Inherited IRAs Not Protected Against Bankruptcy
Last month, the U.S. Supreme Court ruled that “inherited IRAs” are not protected against bankruptcy in the case Clark v. Rameker. It has long been held that retirement accounts like IRAs and 401(k)s are shielded from creditors during bankruptcy, with the intent of protecting a person’s retirement. The Court determined “inherited IRA” characteristics are different than regular retirement accounts you set up on your own behalf. Owners of inherited IRAs received them as a bequest and are not allowed to add to the account, plus there are no penalties for withdrawals, unlike other retirement accounts.
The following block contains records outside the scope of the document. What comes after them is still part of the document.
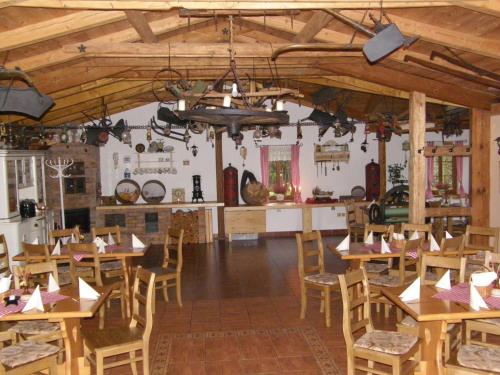 耶塞尼克Penzion u Petra的用餐室配有木桌和椅子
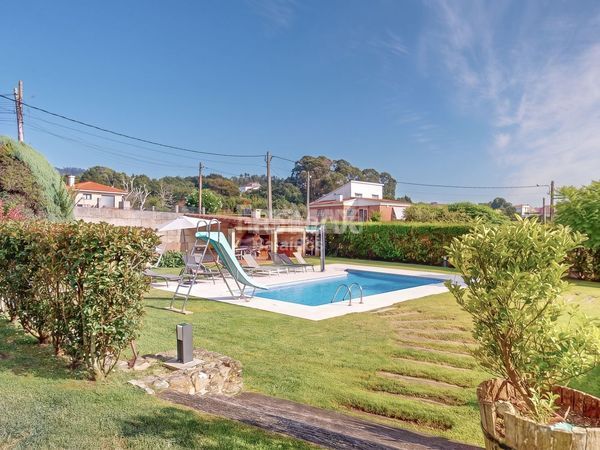 Foto b9393989-1fa8-448f-9620-0218bbd596e3. Casa amb calefacció aparcament piscina a Coruxo - Oia - Saiáns Vigo
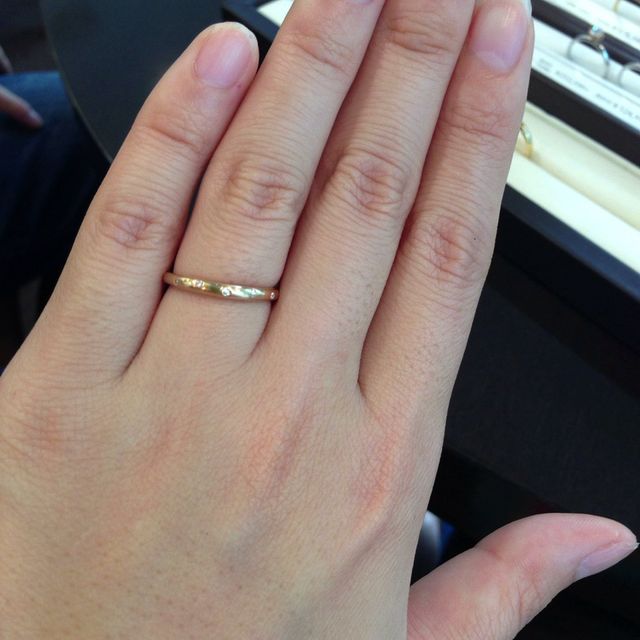 【LUCIE(ルシエ)の口コミ】 カーブしているデザインが柔らかい雰囲気で、石が入っているけど派手過ぎ…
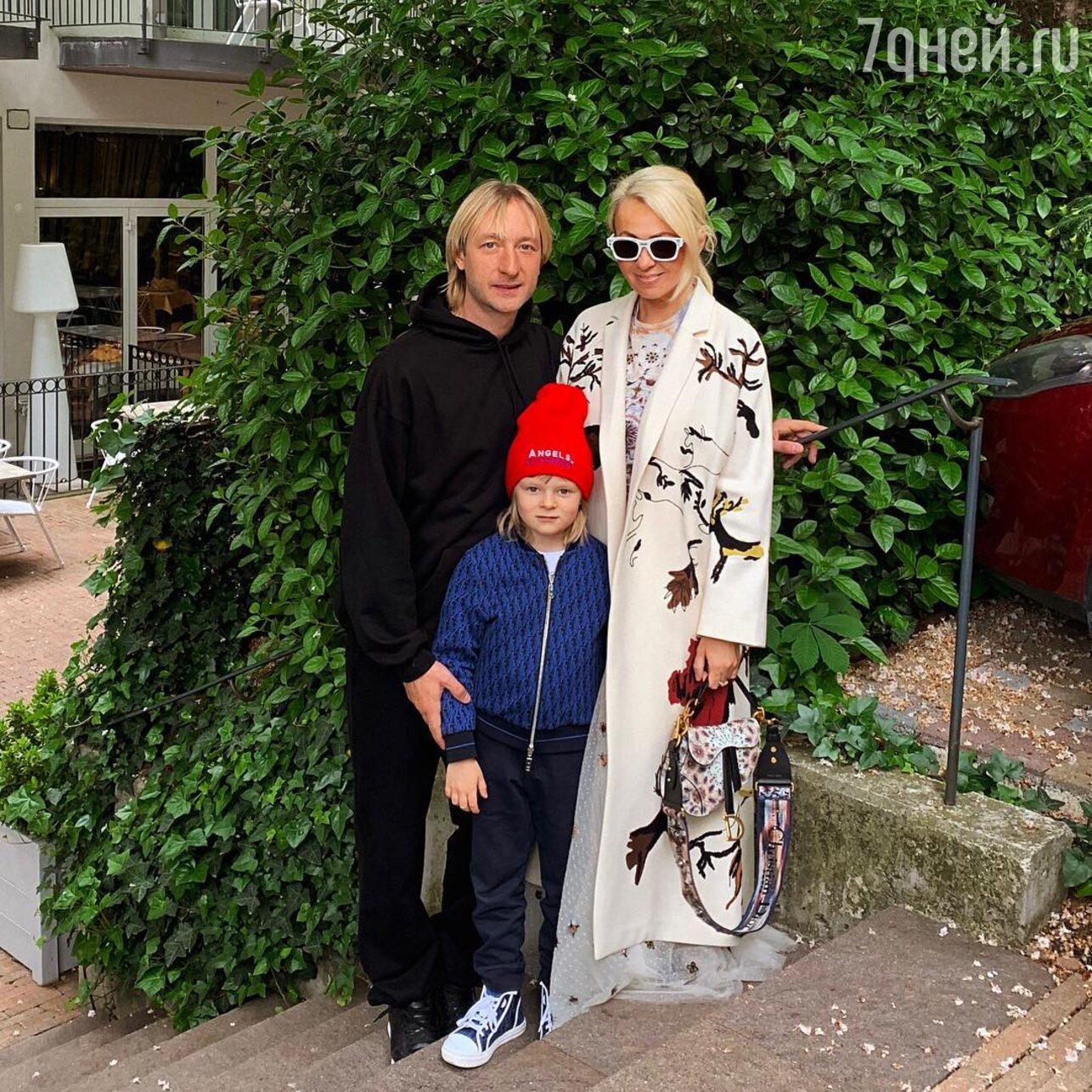 Яна Рудковская с мужем Евгением Плющенко и сыном Сашей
The ruling provides another good reason for surviving spouse beneficiaries to elect a “rollover IRA” instead of an “inherited IRA”. Surviving spouses are different than most beneficiaries because they are allowed to choose between these two options. A surviving spouse who elects a rollover to his/her own IRA will be able to defer required minimum distributions (and taxes) until the age of 70 ½. The new ruling means this kind of account will also be protected against bankruptcy.
However, a spouse who selects the “inherited IRA” will have access to funds sooner without a penalty, which may be important for younger survivors under the age of 59 ½. But, younger survivors will now need to weigh this benefit with the potential threat from creditors.
Everyone’s situation is different and the rules governing retirement accounts are complex. So, seek professional advice before making any major moves.